Esta imagem de grande angular, no visível, da região do céu em torno do quasar distante P172+18 foi criada a partir de dados do Digitized Sky Survey 2. O objeto propriamente dito encontra-se muito próximo do centro da imagem, embora não seja visível. Podemos, no entanto, ver na imagem muitas outras galáxias muito mais próximas de nós.
Créditos:ESO and Digitized Sky Survey 2. Acknowledgment: Davide De Martin
Utilização de Imagens, Vídeos e Música do ESO

Notas

[1] As ondas rádio que são usadas em astronomia têm frequências entre os 300 MHz e os 300 GHz.

Informações adicionais

Este trabalho foi apresentado num artigo científico intitulado “The discovery of a highly accreting, radio-loud quasar at z=6.82” publicado na revista da especialidade The Astrophysical Journal.

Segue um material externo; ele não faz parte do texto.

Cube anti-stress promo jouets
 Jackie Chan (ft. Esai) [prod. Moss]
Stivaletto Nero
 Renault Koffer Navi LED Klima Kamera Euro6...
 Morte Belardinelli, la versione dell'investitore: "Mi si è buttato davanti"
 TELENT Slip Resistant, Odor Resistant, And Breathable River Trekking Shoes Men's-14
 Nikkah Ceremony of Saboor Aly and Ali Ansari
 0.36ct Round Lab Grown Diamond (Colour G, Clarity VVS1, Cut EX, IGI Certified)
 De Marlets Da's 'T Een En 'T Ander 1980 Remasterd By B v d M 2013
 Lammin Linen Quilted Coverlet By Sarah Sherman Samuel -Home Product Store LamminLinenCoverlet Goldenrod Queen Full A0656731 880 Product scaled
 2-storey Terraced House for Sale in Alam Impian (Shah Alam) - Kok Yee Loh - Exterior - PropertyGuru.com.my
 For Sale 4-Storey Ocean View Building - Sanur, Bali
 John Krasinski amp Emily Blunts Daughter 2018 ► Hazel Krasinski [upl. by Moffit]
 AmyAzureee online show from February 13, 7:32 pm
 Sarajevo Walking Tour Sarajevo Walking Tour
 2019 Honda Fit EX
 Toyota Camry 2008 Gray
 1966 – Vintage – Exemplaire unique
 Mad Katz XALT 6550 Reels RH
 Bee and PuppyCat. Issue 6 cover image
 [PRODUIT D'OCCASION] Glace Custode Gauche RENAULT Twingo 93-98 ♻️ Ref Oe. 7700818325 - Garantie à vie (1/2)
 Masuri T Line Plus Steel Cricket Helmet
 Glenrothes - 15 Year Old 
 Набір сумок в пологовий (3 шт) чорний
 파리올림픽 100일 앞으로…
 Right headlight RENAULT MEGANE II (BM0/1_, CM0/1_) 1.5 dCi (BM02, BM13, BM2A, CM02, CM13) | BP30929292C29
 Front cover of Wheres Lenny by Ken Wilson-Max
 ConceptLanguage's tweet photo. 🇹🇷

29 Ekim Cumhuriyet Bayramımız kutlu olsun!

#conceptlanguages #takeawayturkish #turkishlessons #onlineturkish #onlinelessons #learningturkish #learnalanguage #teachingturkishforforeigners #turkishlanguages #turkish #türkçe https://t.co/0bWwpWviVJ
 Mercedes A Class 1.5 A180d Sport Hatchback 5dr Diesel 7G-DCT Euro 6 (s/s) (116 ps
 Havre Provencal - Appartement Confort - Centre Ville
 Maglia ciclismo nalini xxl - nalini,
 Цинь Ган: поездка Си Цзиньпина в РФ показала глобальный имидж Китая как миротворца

A equipa é composta por Eduardo Bañados (Max-Planck-Institut für Astronomie [MPIA], Alemanha, e The Observatories of the Carnegie Institution for Science, EUA), Chiara Mazzucchelli (Observatório Europeu do Sul, Chile), Emmanuel Momjian (National Radio Astronomy Observatory [NRAO], EUA), Anna-Christina Eilers (MIT Kavli Institute for Astrophysics and Space Research, EUA), Feige Wang (Steward Observatory, University of Arizona, EUA), Jan-Torge Schindler (MPIA), Thomas Connor (Jet Propulsion Laboratory [JPL], California Institute of Technology, EUA), Irham Taufik Andika (MPIA e Escola Internacional de Investigação Max Planck de Astronomia & Física Cósmica, Universidade de Heidelberg, Alemanha), Aaron J. Barth (Department of Physics and Astronomy, University of California, Irvine, EUA), Chris Carilli (NRAO e Astrophysics Group, Cavendish Laboratory, University of Cambridge, RU), Frederick Davies (MPIA), Roberto Decarli (INAF Bologna — Osservatorio di Astrofisica e Scienza dello Spazio, Itália), Xiaohui Fan (Steward Observatory, University of Arizona, EUA), Emanuele Paolo Farina (Max-Planck-Institut für Astrophysik, Alemanha), Joseph F. Hennawi (Department of Physics, Broida Hall, University of California, Santa Barbara, EUA), Antonio Pensabene (Dipartimento di Fisica e Astronomia, Alma Mater Studiorum, Universita di Bologna e INAF Bologna, Itália), Daniel Stern (JPL), Bram P. Venemans (MPIA), Lukas Wenzl (Department of Astronomy, Cornell University, EUA e MPIA) e Jinyi Yang (Steward Observatory, University of Arizona, EUA).

O ESO é a mais importante organização europeia intergovernamental para a investigação em astronomia e é de longe o observatório astronómico mais produtivo do mundo. O ESO tem 16 Estados Membros: Alemanha, Áustria, Bélgica, Dinamarca, Espanha, Finlândia, França, Holanda, Irlanda, Itália, Polónia, Portugal, Reino Unido, República Checa, Suécia e Suíça, para além do país de acolhimento, o Chile, e a Austrália, um parceiro estratégico. O ESO destaca-se por levar a cabo um programa de trabalhos ambicioso, focado na concepção, construção e operação de observatórios astronómicos terrestres de ponta, que possibilitam aos astrónomos importantes descobertas científicas. O ESO também tem um papel importante na promoção e organização de cooperação na investigação astronómica. O ESO mantém em funcionamento três observatórios de ponta no Chile: La Silla, Paranal e Chajnantor. No Paranal, o ESO opera o Very Large Telescope e o Interferómetro do Very Large Telescope, o observatório astronómico óptico mais avançado do mundo, para além de dois telescópios de rastreio: o VISTA, que trabalha no infravermelho, e o VLT Survey Telescope, concebido exclusivamente para mapear os céus no visível. O ESO é também um parceiro principal em duas infra-estruturas situadas no Chajnantor, o APEX e o ALMA, o maior projecto astronómico que existe actualmente. E no Cerro Armazones, próximo do Paranal, o ESO está a construir o Extremely Large Telescope (ELT) de 39 metros, que será “o maior olho do mundo virado para o céu”.